Как бы это цинично не звучало, но иногда меня посещает мысль, что если путч продолжился хотя бы неделю, то мы бы более точно определили, кто есть кто в действительности у нас в Латвии (надеюсь Господь простит меня за это).

Первая половина заседания близилась к концу, мы приняли решение о проведении забастовки, а я пошел пешком в здание Совета министров. По дороге мне пришлось встретиться с омоновцами в бронетранспортерах, они старательно метали дымовые шашки, сметали своими боевыми машинами оставшиеся еще с января заграждения, кажется, что кто-то из прохожих стал потерпевшим. Я дошел до работы и там услышал по радио, что Верховный Совет принял Декларацию о независимости. И все.

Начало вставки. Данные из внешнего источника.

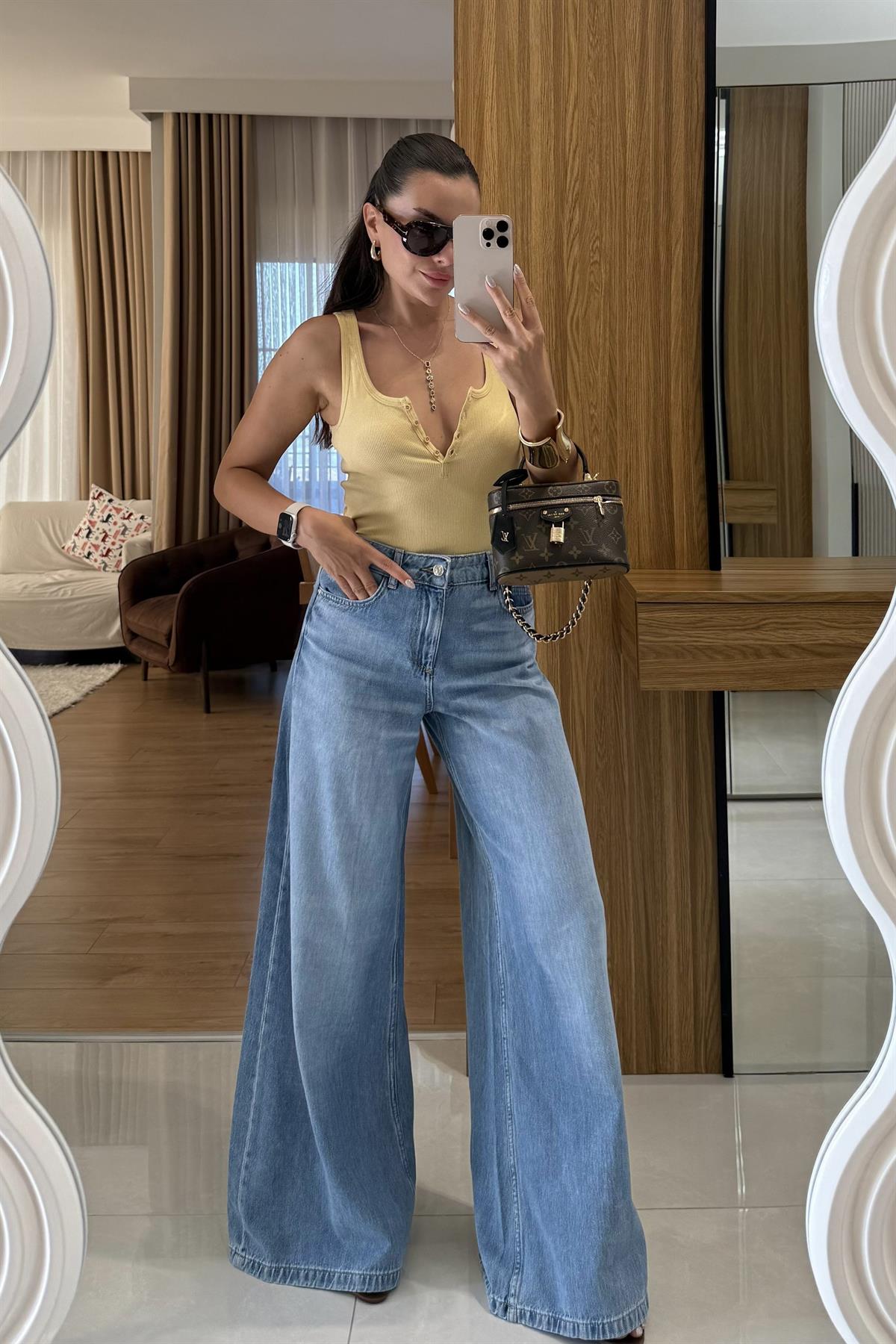 Brenda Midblue Geniş Paça Jean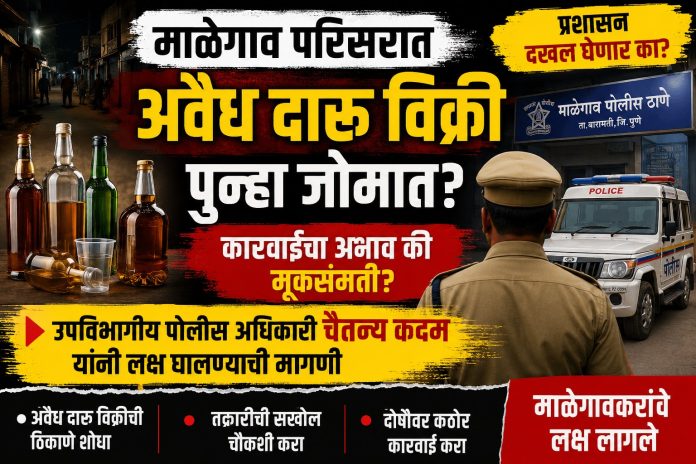 माळेगाव परिसरात अवैध दारू विक्रीच्या चर्चेला उधाण; पोलिसांच्या कारवाईकडे नागरिकांचे लक्ष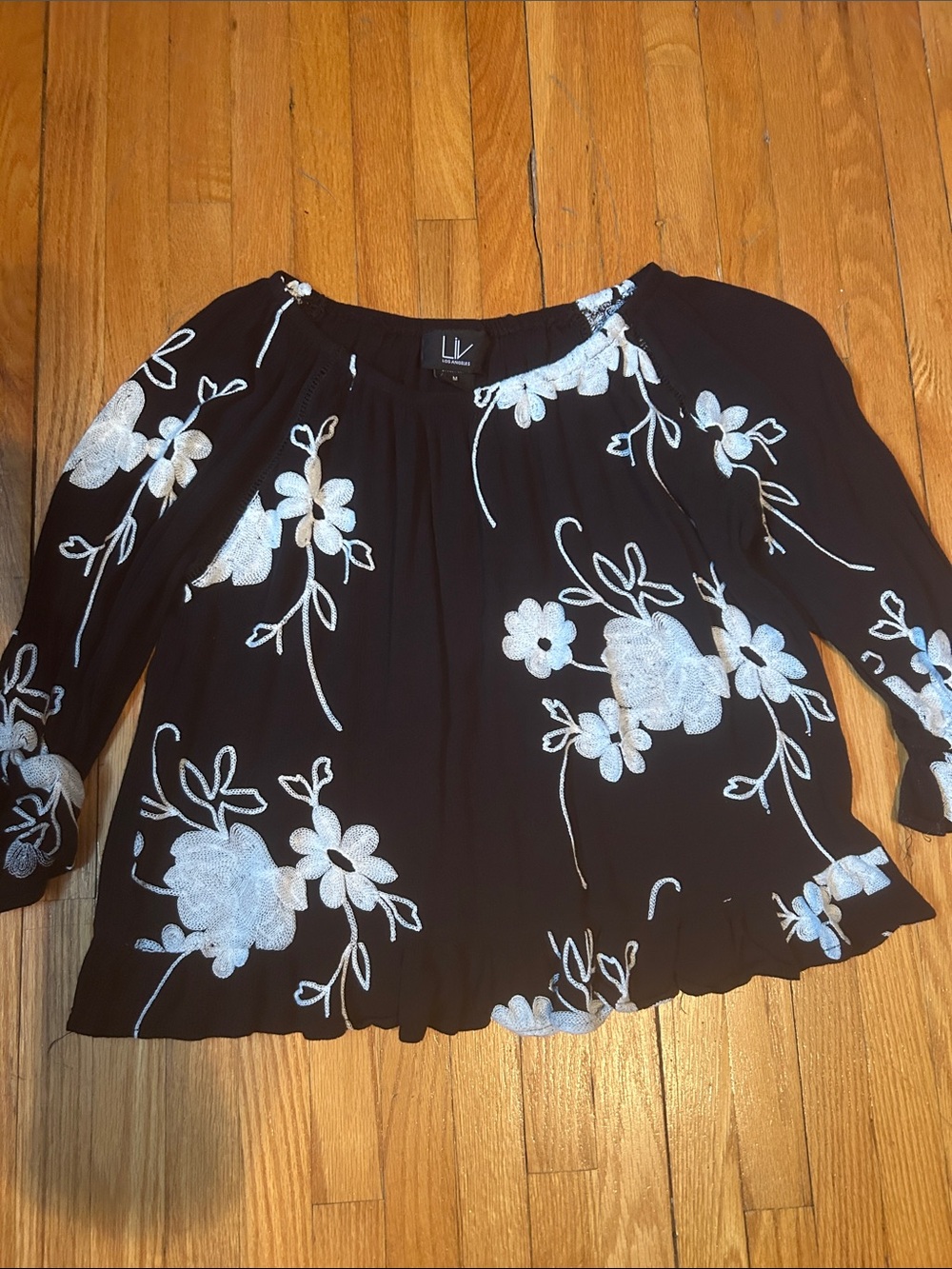 LIV Black Blouse with White Floral Embroidery Size Medium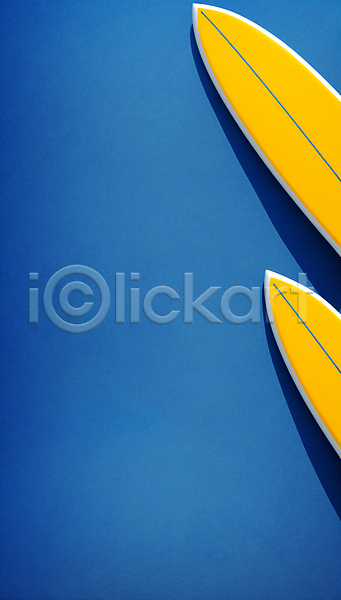 사람없음 JPG 디지털합성 편집이미지 노란색 서핑보드 알림 이벤트 카피스페이스 파란색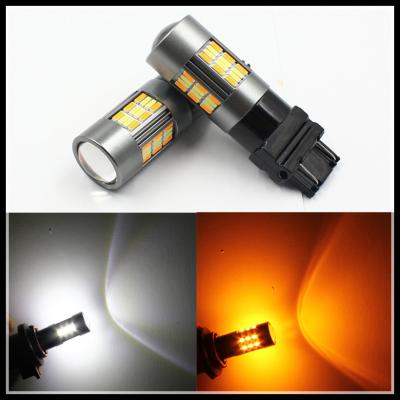 China S25 P21W 1157 5630 62 SMD Amber White 4014 62LEDs Car LED Bulbs DRL Dual Switchback color 1157 BAY15D 3157 7443 T20 for sale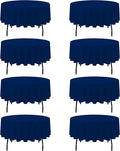 BRILLMAX 8 Pack Navy Blue Round Tablecloths 90 Inch by BRILLMAX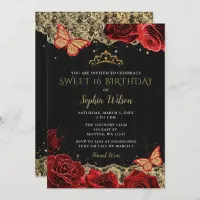 Vintage Red Roses Black Gold Lace Sweet 16   Invitation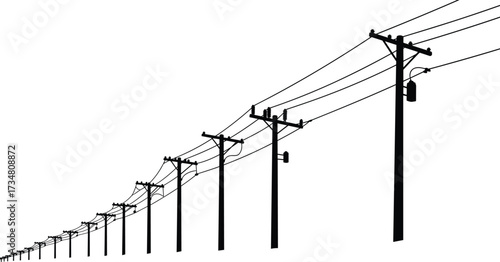 Black Silhouette of a Row of Utility Poles with Power Lines Stretching into the Distance electricity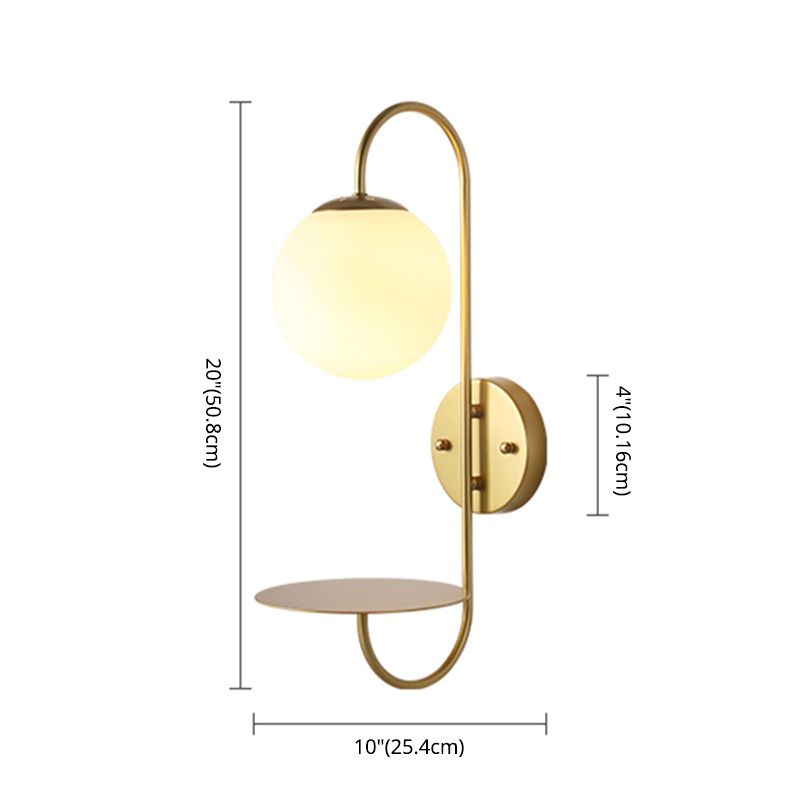 Modern Glass Wall Sconce Lighting Metal Gooseneck Wall Light for Bedroom
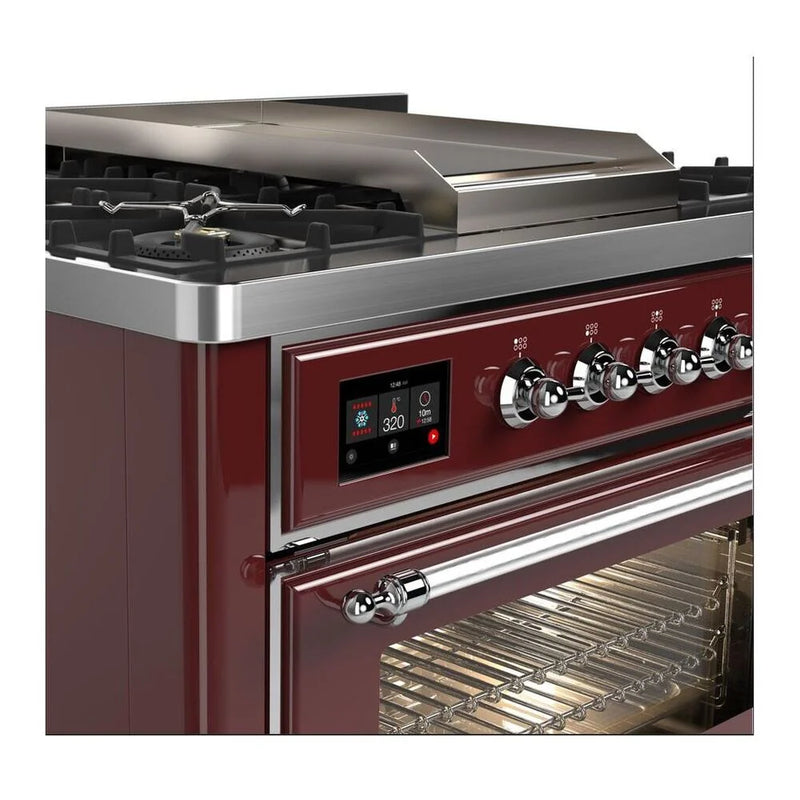 ILVE Majestic II 36" Dual Fuel Freestanding Range in Burgundy with Chrome Trim, UM09FDNS3BUCLP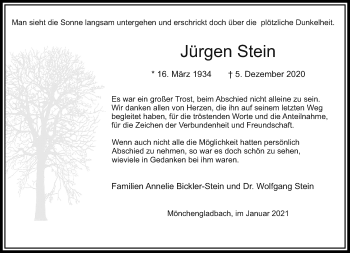Traueranzeige von Jürgen Stein von trauer.extra-tipp-moenchengladbach.de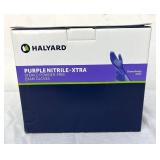 MSRP $100 = 1 Box (50 pairs gloves) HALYARD Purple Nitrile-xtra Biotechnology Gloves XL, Thick 9.5 Mil Textured Fingertips, Tested against 57 chemicals, fentanyl & chemotherapy drugs, Very High Le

А на следующий день мы уже готовили документы, на основе которых переняли имущество СССР и т. п. Началась совсем новая эпоха, время головокружительного международного признания Латвии (как и двух других балтийских государств), время фантастических свершений, ошибок и промахов, началось реальное восстановление независимого Латвийского государства.

Независимость

Нет, нет, да я и задумываюсь над тем, как же в действительности происходило восстановление нашей независимости? Я не претендую на роль аналитического историка, но, поскольку волей судеб я оказался в самом эпицентре происходящего, мне позволительно иметь свой взгляд на это.

Прежде всего, никогда не стоит забывать о чрезвычайно сложном переплетении причин и следствий, при этом все шло в своем определенном порядке и последовательности.

Нужно отдать должное первому и (о, судьба!) последнему президенту СССР М. С. Горбачеву, ведь именно с его приходом к власти стали реальными гласность и свобода печати, благодаря чему все мы узнали такое, о чем до этого и шепотом нельзя было произносить. Плотина прорвалась, и бурный поток перемен уже трудно было сдержать и самому М. С. Горбачеву. К тому же все негативное, все абсурдное, все противное человеку, что копилось в течение 70 лет (у нас в Латвии почти 50 лет) господства большевистского режима, гласность ярко высветила, доведя до критической точки.

Однако я убежден, что М. С. Горбачев совсем не рассчитывал на такие последствия. Он хотел лишь обновить тот же самый, старый но, на его взгляд, подходящий Советский Союз, с прочным фундаментом, нужно только дать дорогу свободной творческой энергии. Так и случилось: энергию он точно освободил. Но прежде всего вскоре стали очевидными процессы с необратимой центробежной силой, подчас даже весьма неожиданные, например, Белоруссия приобрела независимость, о которой вовсе и не помышляла.

Латвия, по-моему, использовала единственный, уникальный шанс, который она получила в этом процессе дезинтеграции. И за эту возможность нам надо сказать спасибо, как это не парадоксально звучит, московским путчистам образца августа 1991 года, личностям, безусловно, трагикомическим, над чьим чрезвычайно слабо организованным, в этаком комсомольском стиле, переворотом общественность издевалась еще долго. Действительно, реальный исторический процесс благодаря им стал необратимым. Впрочем, как мы знаем, история новейшего времени весьма и весьма парадоксальна. Помню, что еще за два года до падения берлинской стены известный лис американской политики Генри Киссинджер высказывался, что, если и есть что-то стабильное и долговечное, так это реальное существование двух Германий. Между прочим, когда, будучи в Америке, я задал ему вопрос на эту тему, г-н Киссинджер ловко уклонился от ответа. Однако объединение Германии состоялось, народы Советского Союза узнали то, что должны были узнать: репрессивные структуры насквозь прогнили и не были больше в силах агрессивно воздействовать на все общество. Прежние страхи, разумеется, сидели в спинном мозгу, но ни о какого рода репрессиях уже не могло быть и речи.